Occorre rimarcare che la giurisprudenza ha integrato il concetto di diritto di abitazione, con elementi non direttamente individuabili nel Codice Civile. Tali utili chiarimenti hanno, ad esempio, fatto emergere che il diritto in esame può fare riferimento esclusivamente ad un immobile che abbia requisiti di abitabilità, ossia sia capace di essere alloggio vivibile per una famiglia. Secondo la Cassazione, inoltre, il diritto di abitazione è da estendersi a tutto ciò che concorre ad integrare la casa che ne è oggetto, come accessorio o pertinenza (ad esempio terrazze, balconi, verande, giardino, garage, ecc). Ciò in quanto, secondo la valutazione del giudice, l’abitazione non è da intendersi nei meri vani abitabili, ma anche in ciò che ne è parte accessoria e comunque integrante.
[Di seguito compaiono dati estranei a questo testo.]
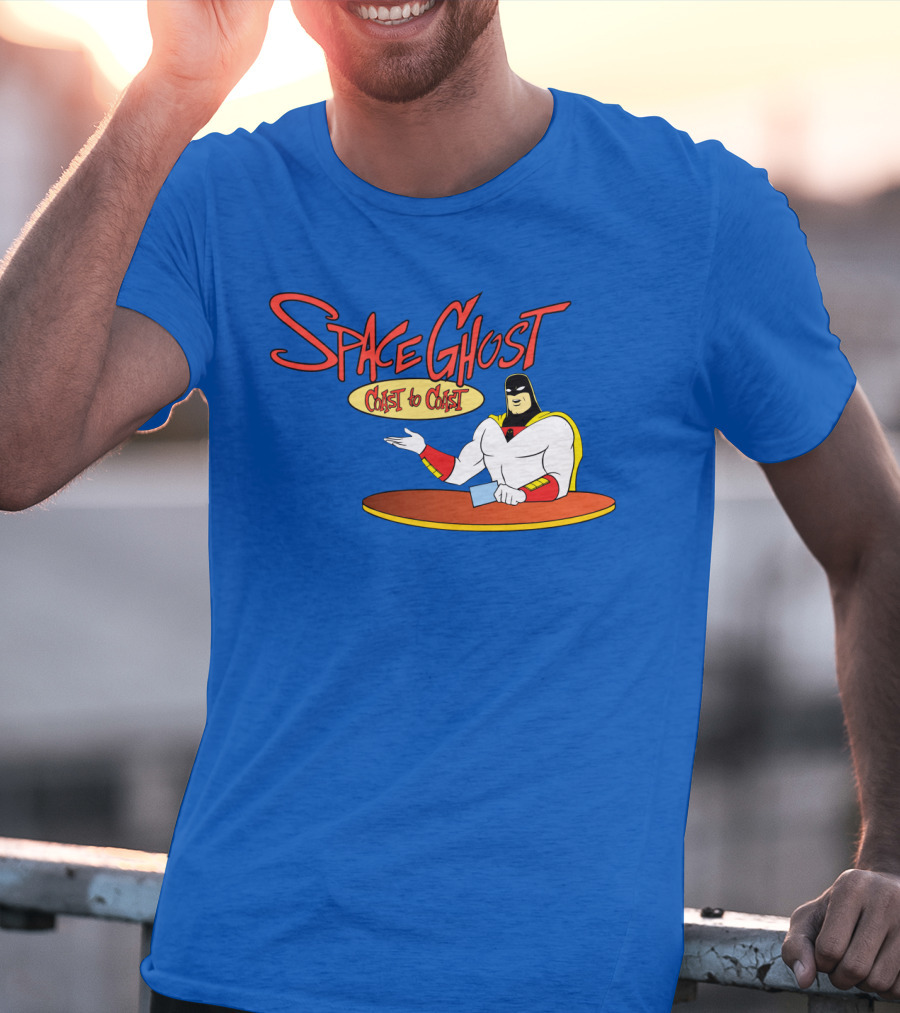 Space Ghost Coast To Coast Talk Show Cartoon Host T-Shirt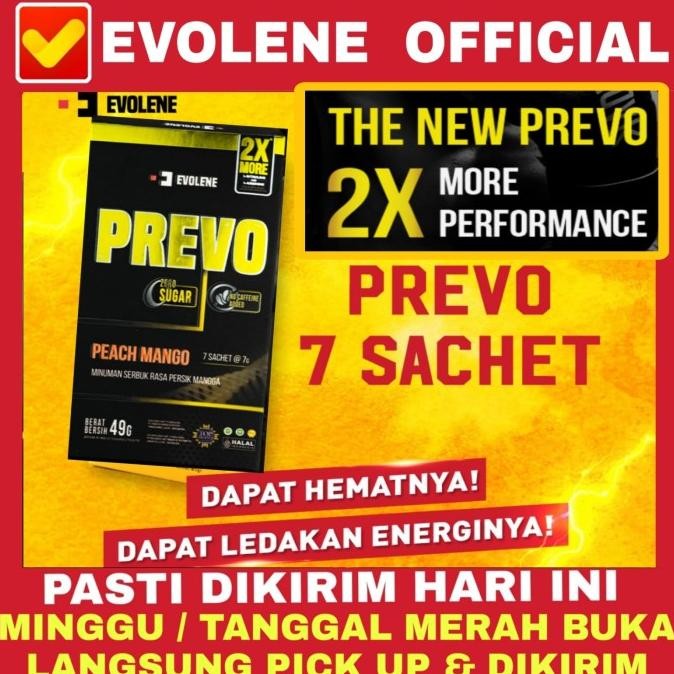 Prevo 7 SACHET Evolene Pre Workout PreWO WO PREWORKOUT - 7 SACHETAN BNJ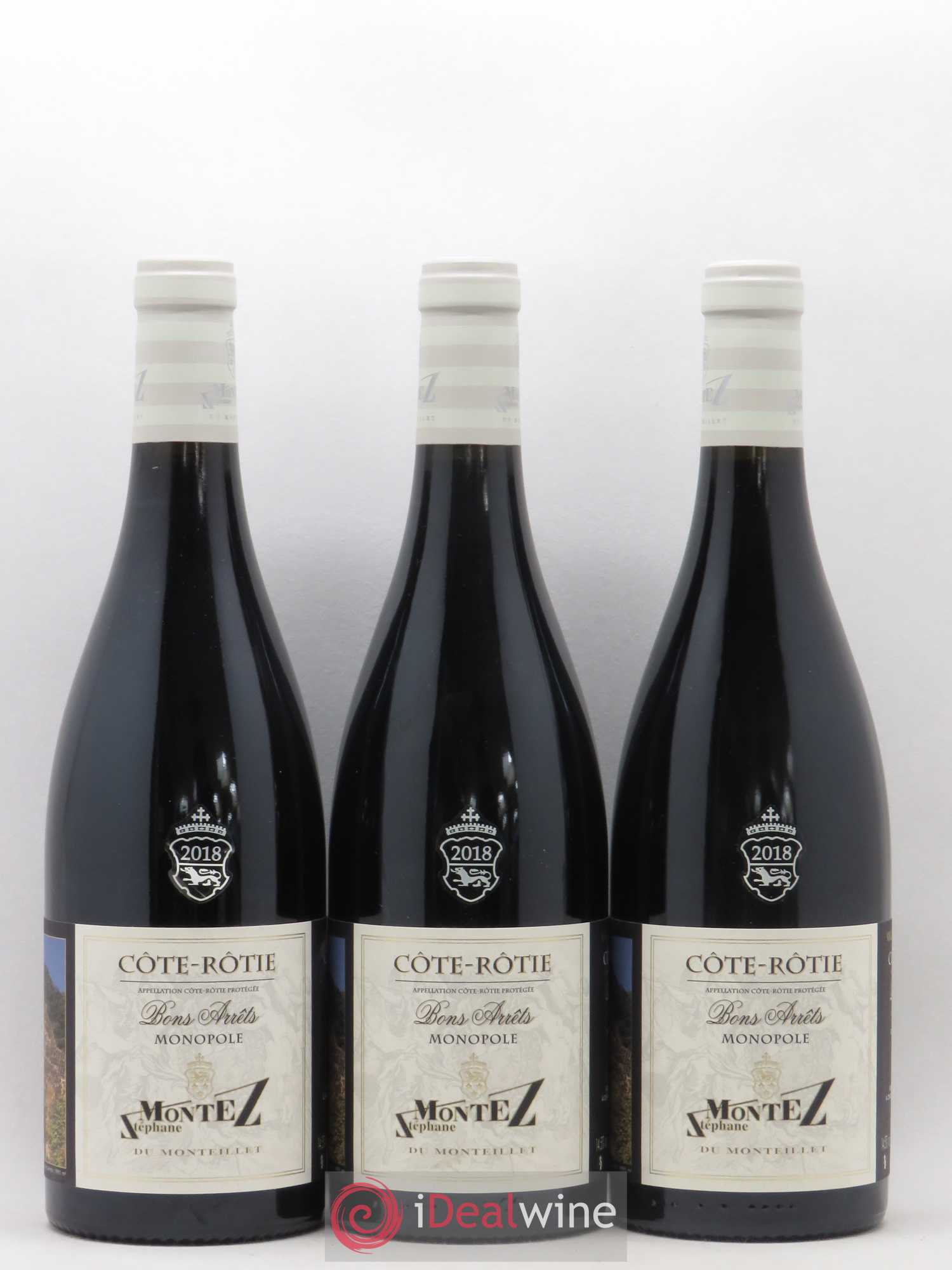 Côte-Rôtie Bons Arrêts S Montez 2018 - Posten von 3 Flaschen - 0
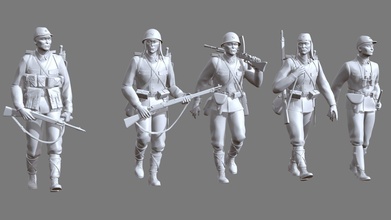 Japonya askerler ww2 satın almak telif Bedava 3d model explorertit36 gmailcom ortaya çıktı komutan asker Katana Ordu İkinci Dünya Savaşı 99 100 tip subay Yazdır Arisaka 3d print model - Mito3D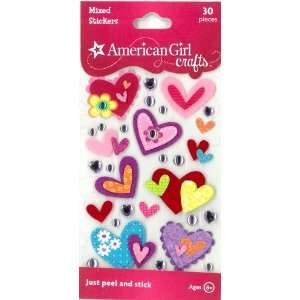  American Girl Crafts Mixed Stickers, Hearts Toys & Games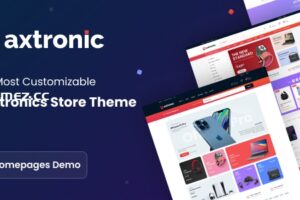 Axtronic v1.9.1-电子 WooCommerce WordPress 主题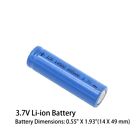 49mm x 14mm Li-ion 3.7V Battery For Braun Oral-B iO10, iO4, iO5, iO6 Toothbrush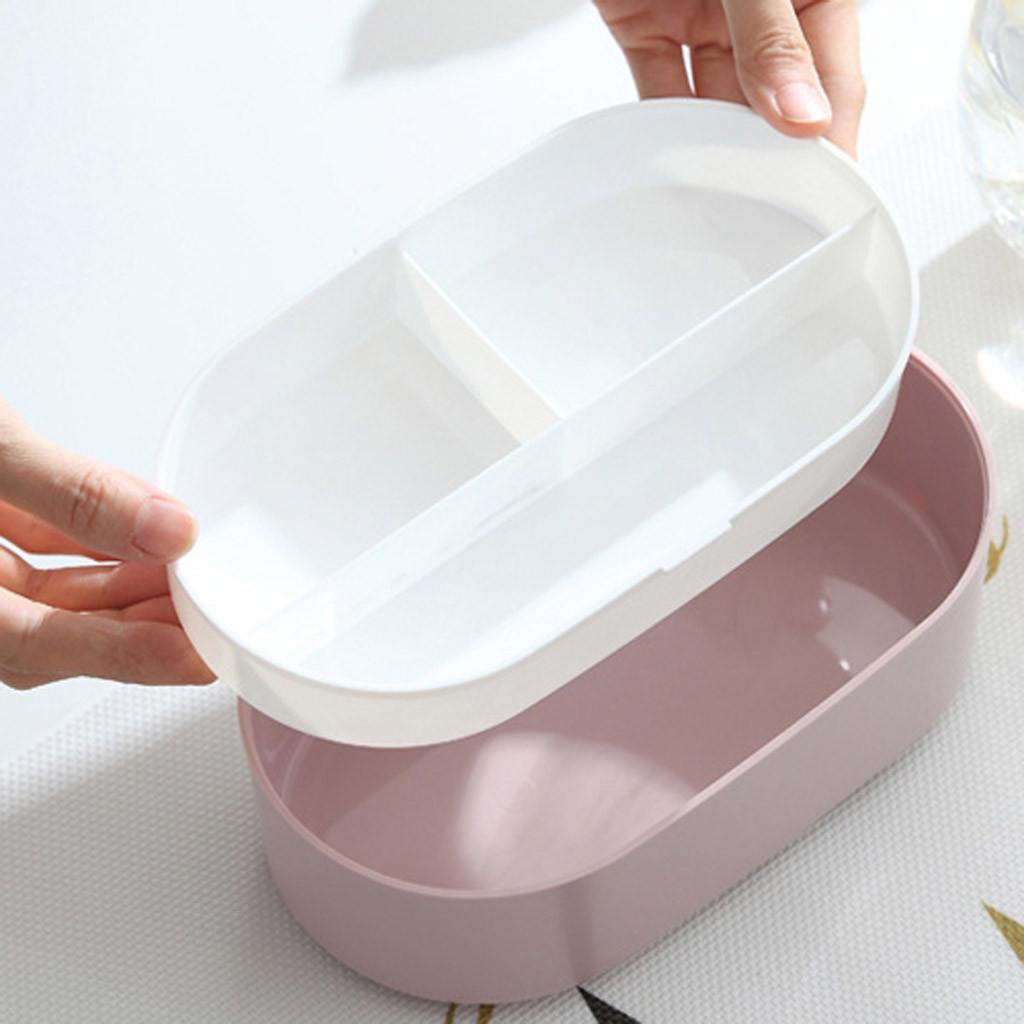 Microwave Lunch Box Japanese Wood Bento Box Single Layer Container Storage New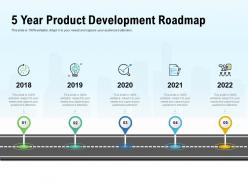 5 year product development roadmap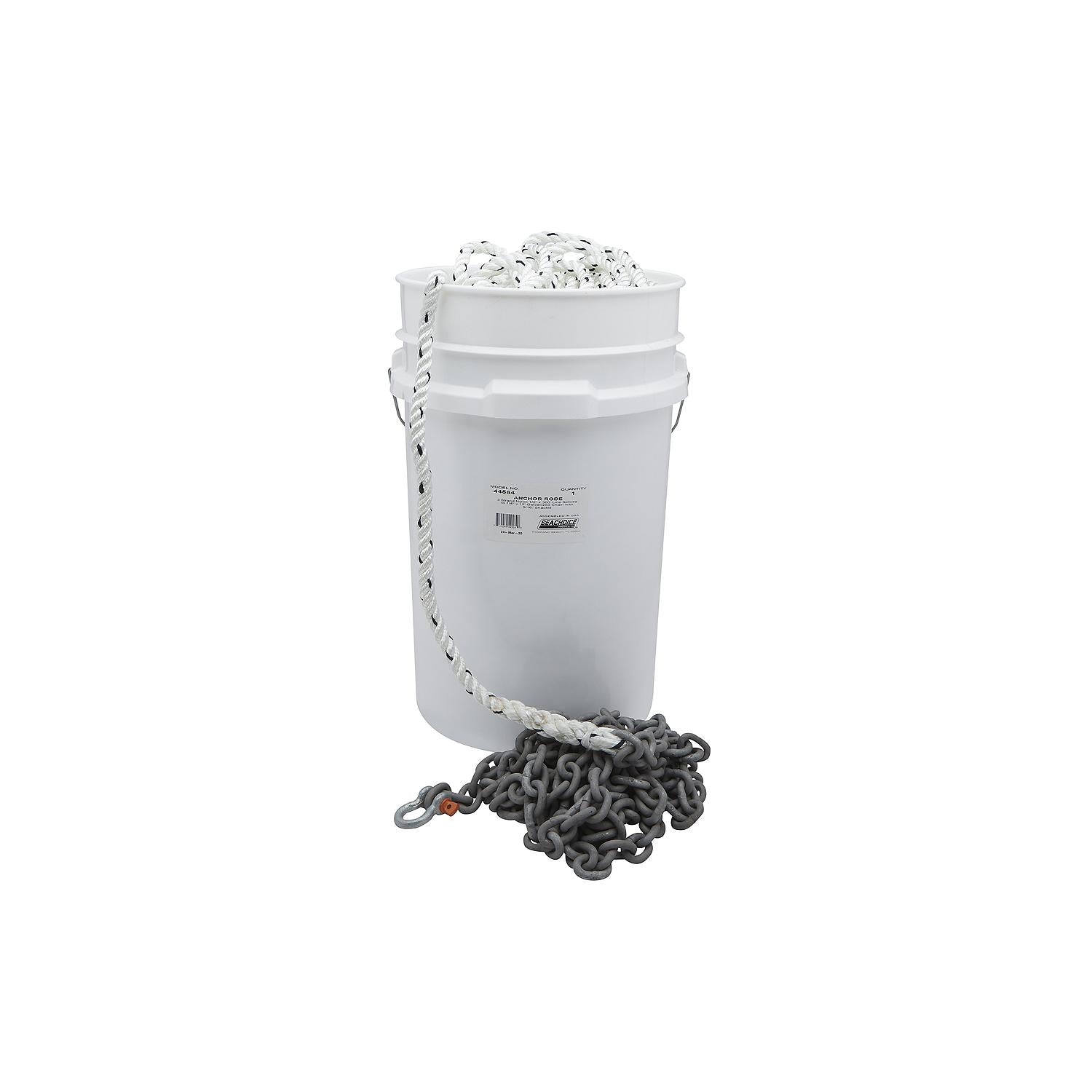 Seachoice Anchor Rode 1/2" 3-Strand Nylon Rope & 1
Secondo il Codice Civile, il diritto in esame non può essere ceduto o dato in locazione; anzi, la locazione o affitto non è un diritto reale e il suo oggetto non è un bene, bensì una prestazione del locatore, legata al consentire il godimento dell’immobile, dietro pagamento di un canone (che nel diritto di abitazione non sussiste). La locazione, inoltre, può essere ceduta a terzi (il cosiddetto subaffitto).
Come si può esercitare?
A questo punto, vediamo come è possibile avvalersi di tale diritto. Anzitutto l’ipotesi più comune dalla quale scaturisce, è un contratto scritto tra il proprietario dell’immobile e l’utilizzatore. Altre ipotesi sono: la previsione per testamento; la previsione per legge; per sentenza del giudice. In particolare, il diritto di abitazione spetta sempre al coniuge superstite sulla casa coniugale. Al termine di una causa di divorzio, è tipico il caso in cui il giudice decide che all’ex-moglie, affidataria dei figli, sia concesso di restare nella casa di proprietà del marito, come titolare di diritto di abitazione. Inoltre, il diritto di abitazione può anche derivare dalla cosiddetta usucapione, ovvero dall’uso ventennale della casa altrui.